魔女に記憶を奪われる不思議な孤島の物語。謎に満ちたストーリーと幻想的なグラフィク、静かに語りかける王道のアドベンチャー「マジョのシマ」レビュー

 正直派手さはありません。とても静かなゲームですが、謎に満ちた設定に少しずつ解明されていく秘密、精細かつまるで立体の様に動くドットで描かれた美しいグラフィック。

 奇をてらわず正面から物語とゲーム性を堪能できる本格的アドベンチャーゲームです。

マジョのシマ

価格:無料

カテゴリ:アドベンチャー

 ゲームの基本は探索。主人公である島の住人を操作して島の人々と話し、アイテムを集め、使い物語の謎を解いていくという王道のアドベンチャーゲームです。

 まず最初に驚かされるのがグラフィック。タイトルバックの島の全景からクローズアップされてそのままプレイ画面に入る様子はさながら映画の様であり、細部まで描かれたドットは美しいだけでなく、奥行きの表現まで見事で息を呑みます。

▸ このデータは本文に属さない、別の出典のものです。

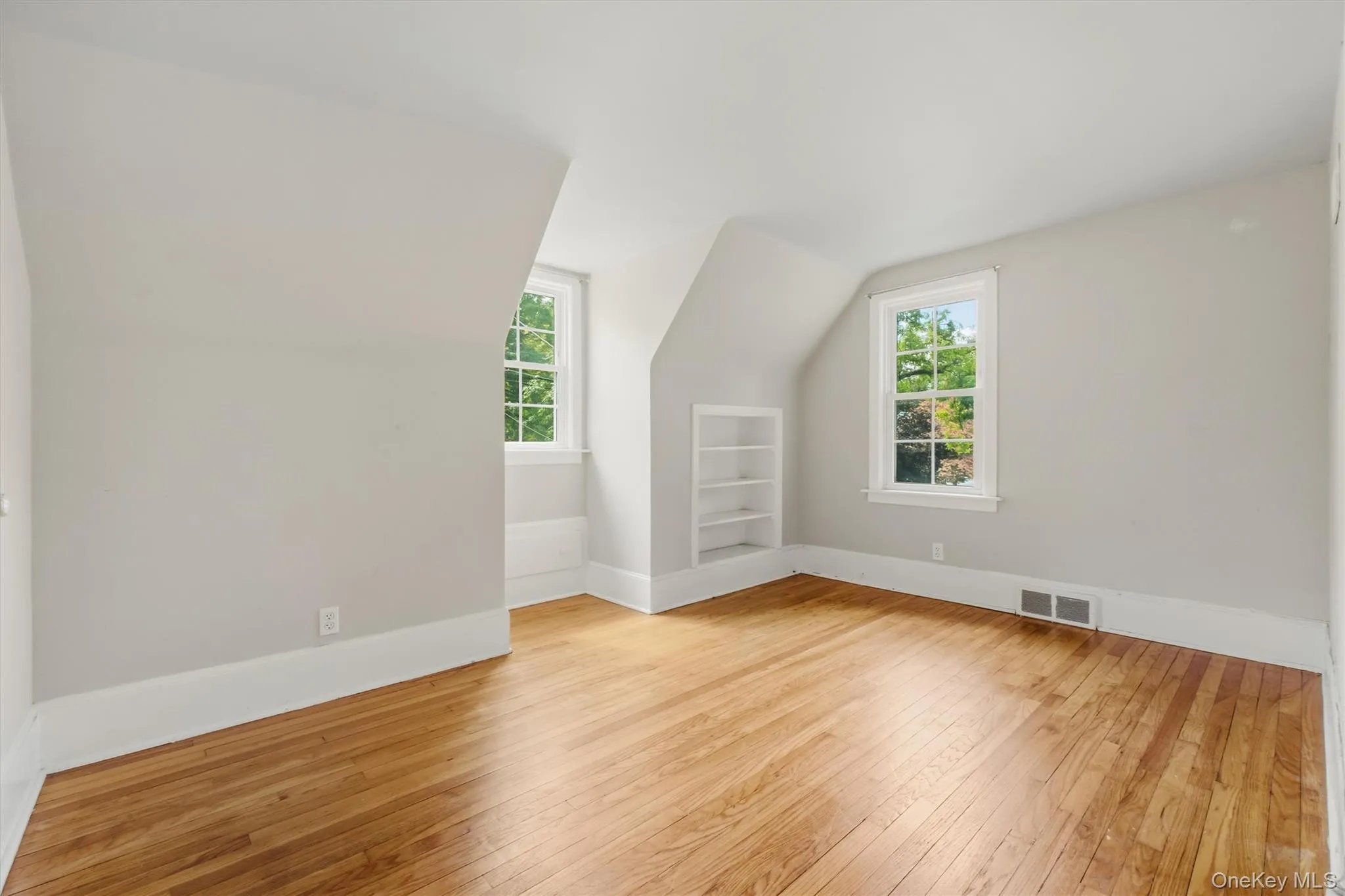 107 Cedar Street, Poughkeepsie, NY, 3 Bedrooms Bedrooms, 7 Rooms Rooms,1 BathroomBathrooms,Residential,For Rent,Cedar,0,1044405 107 Cedar Street, Poughkeepsie, NY, 3 Bedrooms Bedrooms, 7 Rooms Rooms,1 BathroomBathrooms,Residential,For Rent,Cedar,0,1044405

 ただ美しく壮大、というのではなくゲームの内容やストーリーとシンクロする様に”静かに美しい”というのが特徴。色使いも落ち着いており派手さは全くありませんが、それこそがこのゲームの良いところ。

 そしてストーリーが素晴らしい。突然魔女に呪いをかけられた主人公は呪いを解くべく、言われたとおりに盗まれた壺を探すために島の探索を始めます。期限は朝の4時まで。それを過ぎると呪いにより殺されてしまいます。

 魔女に支配された島には、外から来た人は記憶を失ってしまう、島の人によって魔女に対する意識が違うなど数々の秘密があります。人々と話し、謎を解いていくことでこれらのストーリーも明らかになっていきます。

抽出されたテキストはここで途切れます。